Mais acima, na volta da Rua da Matança e perto do posto de saúde, viviam Maximina com suas saias coloridas e rodadas, Naninha (do cego), Cartucha lavadeira. Ali, pela atual Rua das Flores o lembro de Jane Dore que faleceu tão jovem e Marieta Evangelista.
Voltando pela rua do sol, lembro de Maria Gecília, Maria Alzira, Dona Vicência Cassiano, Toinha Batista, Lica (de seu Vicente), Euclice, Clineia, Chiquinha (de João Leandro) e Maria Baraúna.
Da Praça Padre Cícero, lembro Irinea Jorge e Toinha (de Manuel Sapateiro).
No beco do cemitério, lembro Otília Sobreira e Dona Rosário. Na rua atrás da rua da sombra, viviam Mariri Gonçalves, Vicentina, Júlia, mãe de Tutu, que vendia coentro, e Luiza (de Aurélio). Maria Henrique e Maria Lourenço, fiel guardiã e zeladora da igreja. Marlene, neta de Custódio, que morreu jovem.
Tinham tantas outras que eu não recordo onde moravam mas que fazem parte das minhas lembranças: Espírito Santo, Gertrudes, Maria Antonia com a trouxa de roupa na cabeça, Expedita com aquela sua conversa atrapalhada, Balbina com suas garrafas de chá. Personagens populares que fazem o cotidiano da cidade e que acabam tão queridos e respeitados, como Julinha que conquistou, passo a passo, a sua integração numa comunidade preconceituosa e cheia de ranço.
Personagem especial que um dia gostaria de falar um pouco mais era Bilina. Negra alta, magra, muito asseada, completamente devotada a Pedro, amor platônico que embalou sua vida.
Na Rua 14 de dezembro, viviam Soledade Macedo, minha tia Cristina Lemos e Cecília de Manuel Gomes.
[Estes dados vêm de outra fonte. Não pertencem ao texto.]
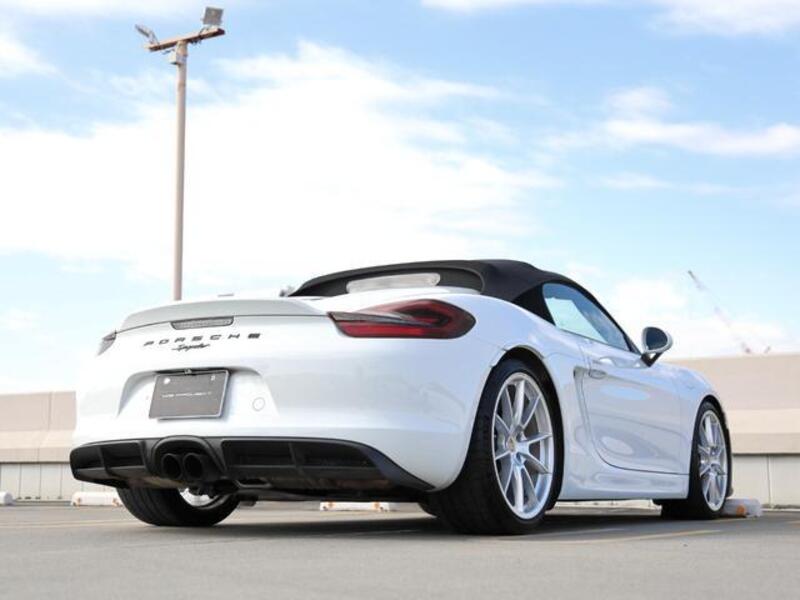 BOXSTER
Também passaram por essa pequena rua Ivone Brasileiro, Luizinha Gonçalves, Zefinha Batista, Francisca Lacerda e Adalgisa Josué.
E, finalmente, falo de minha avó, Maria Nóbrega, mulher de fibra, corajosa a quem pude compreender suas atitudes muitos anos depois da sua morte quando tive, por acaso, a chance de conhecer a história de sua família na dureza  entre os séculos XIX e o princípio do século XIX. Por trás da minha vó, havia décadas de poder político exercido com mão forte, posteriormente esfacelado quando o General Dantas Barreto ganhou o Governo de Pernambuco, em 1911, e dizimou todo o sistema político do sertão destituindo as lideranças e trazendo à tona os seus seguidores e correligionários políticos interioranos. Como diria Dona Genisa Lócio,” os sofás caíram e as trepeças subiram”. Esta expressão que ouvi de dona Genisa representa o mais profundo desprezo da classe dominante sobre os seus adversários políticos e economicamente menos privilegiados. Essas alterações entretanto não mudaram o sistema político que continuou exatamente igual apenas com novas lideranças menos, digamos assim, tradicionais. Alçada deste meio pelas questões políticas, imagino como deve ter sido difícil para ela mudar de lugar, sair do contexto da família e chegar ainda criança numa Alagoinha inóspita e cheia de dificuldades. Seus pais voltaram para Pernambuco mas ela ficou em Alagoinha com o seu marido, Luiz Leite da Nóbrega. Refiz os seus laços perdidos 100 anos depois quando reencontrei a sua família.
Eu poderia enveredar pelos sítios mas a lista ficaria mais longa e já me bastam os lapsos em relação ás mulheres da cidade. De um jeito ou de outro, citadas ou não, elas fizeram IP para nós e povoaram a nossa infância de personagens que até hoje sobrevivem cada vez que remexemos no passado.